Late-paying customers

  • Customers who pay late put direct pressure on your ability to meet payroll obligations.
  • Chasing invoices adds admin work and can delay payments to staff even further.

Tight working capital

  • Cash tied up in stock, equipment, or marketing reduces flexibility for payroll.
  • Without a cash flow forecast or a payroll buffer, you’re left dealing with last-minute funding stress. 

What happens if you fall behind on wages or super?

Falling behind hits from a few different sides: your legal standing, your bank balance, and your team's trust.

  • Legally: Businesses that don’t meet wage or super obligations can face penalties, interest charges, or compliance action under Australian law.
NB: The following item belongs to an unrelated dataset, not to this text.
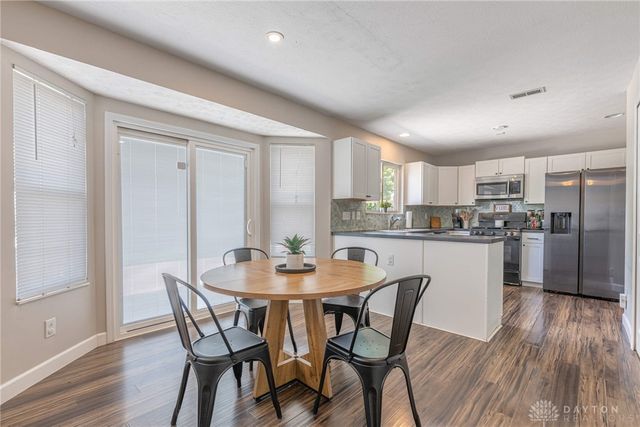 2292 Ferndown Drive, Miamisburg, OH 45342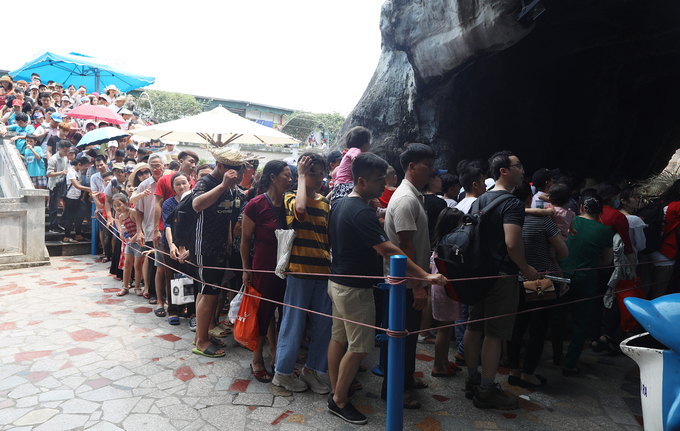 B&ecirc;n ngo&agrave;i khu nh&agrave; gương, vườn th&uacute; h&agrave;ng d&agrave;i người lớn, trẻ nhỏ xếp h&agrave;ng v&agrave;o thăm quan.&nbsp;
Falling behind can trigger audits from regulators, including the Fair Work Ombudsman or the ATO. This is a general guide, so it's always a good idea to chat with your accountant about your specific setup.
  • Financially: Payroll delays can create a snowball effect, making it harder to pay suppliers, rent, or loans. Interest or late fees can also add up quickly, and catching up often requires reallocating funds or securing short-term finance (more on this shortly).
  • Team morale: Late pay can seriously impact trust and engagement: staff may feel insecure, productivity may go down, and turnover risk will likely go up. Even temporary delays can harm your reputation as an employer and make hiring harder in the future. 

Financing options that can help cover payroll and super

You can avoid the consequences above and keep on top of payroll by adopting a few practical strategies:

  • Send invoices as soon as your work’s complete and, if needed, shorten the payment terms
  • Audit your expenses and see if there’s non-essential spend you can cut
  • Set up a cash buffer for payroll (and avoid dipping into it for other expenses)
  • Budget for total employment costs – that means wages plus super, payroll tax, leave, worker’s comp and other obligations
  • Negotiate supplier terms for extended payment terms

But even with these strategies in place, cash flow and payroll cycles don’t always line up – and that’s where business loans come in. Here are a few options commonly used by SMEs:

Line of credit

Best for: SMEs with fluctuating cash flow but consistent income over time.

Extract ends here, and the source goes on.